The clinic-focused legislation has also raised questions about which segments of the population will be most affected and which types of facilities are best equipped to provide specialized care to patients regardless of their income or location.
If clinics stop providing abortions — as early as May or until the end of next year — it could reroute thousands of prospective patients to hospitals and force administrators to devise new policies to provide elective abortions for low-complication pregnancies. To do so would require expanding their services beyond the emergency procedures they previously provided, raising questions about the shift’s impact on capacity, staffing, waiting lists and costs for patients. About 2,800 women in Utah had abortions last year.
The Utah Hospital Association said no hospitals provided elective abortions in the state last year. He declined to answer questions about whether there were plans to accommodate additional patients who might seek care if the clinics close.
The new restrictions are most likely to affect those seeking to end low-complication pregnancies through medication, which accounts for the majority of abortions in Utah and the United States. Abortion medication is approved up to 10 weeks of pregnancy, is mostly prescribed in clinics, and after the FDA rule changed in the era of the pandemic, is increasingly provided via telemedicine.
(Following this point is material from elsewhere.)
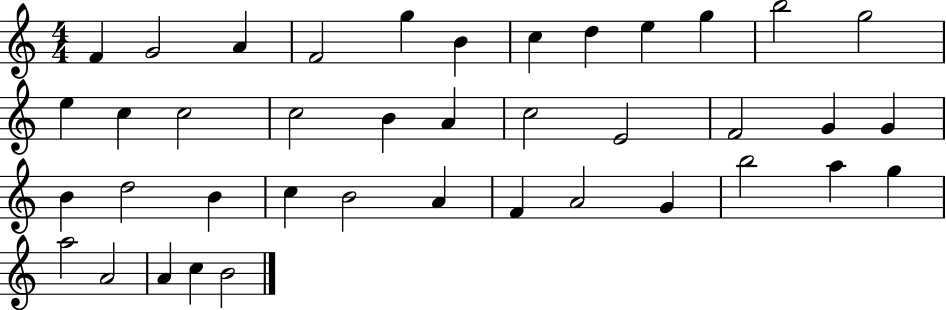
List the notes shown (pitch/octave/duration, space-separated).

In Utah, clinicians at three locations run by Planned Parenthood and a fourth by the independent Wasatch Women’s Center in South Salt Lake City provide the majority of abortions. The new law takes on added significance amid a legal vacuum surrounding other abortion laws signed into law in Utah.
Last year’s Supreme Court decision led to two previously approved pieces of legislation – a ban on abortion in 2019 after 18 weeks and a ban on abortion in 2020 regardless of trimester, with several exceptions such as cases of risk to maternal health as well as rape or incest reported to the police. Planned Parenthood of Utah sued over the 2020 ban, and in July, a state court delayed its implementation until legal challenges were resolved. The 18-week ban has since been de facto law.
Abortion access advocates decried this year’s clinic ban as a back door used by anti-abortion lawmakers to limit access while the courts deliberate. If abortions were restricted regardless of trimester to exceptional circumstances, the closure would have a less wide-ranging impact on patients seeking elective abortions between zero and 18 weeks of pregnancy.
The law also clarifies the definition of abortion to address legal liability concerns providers have raised about how the exemptions are worded in state law — a provision the governor and Republican lawmakers called a compromise.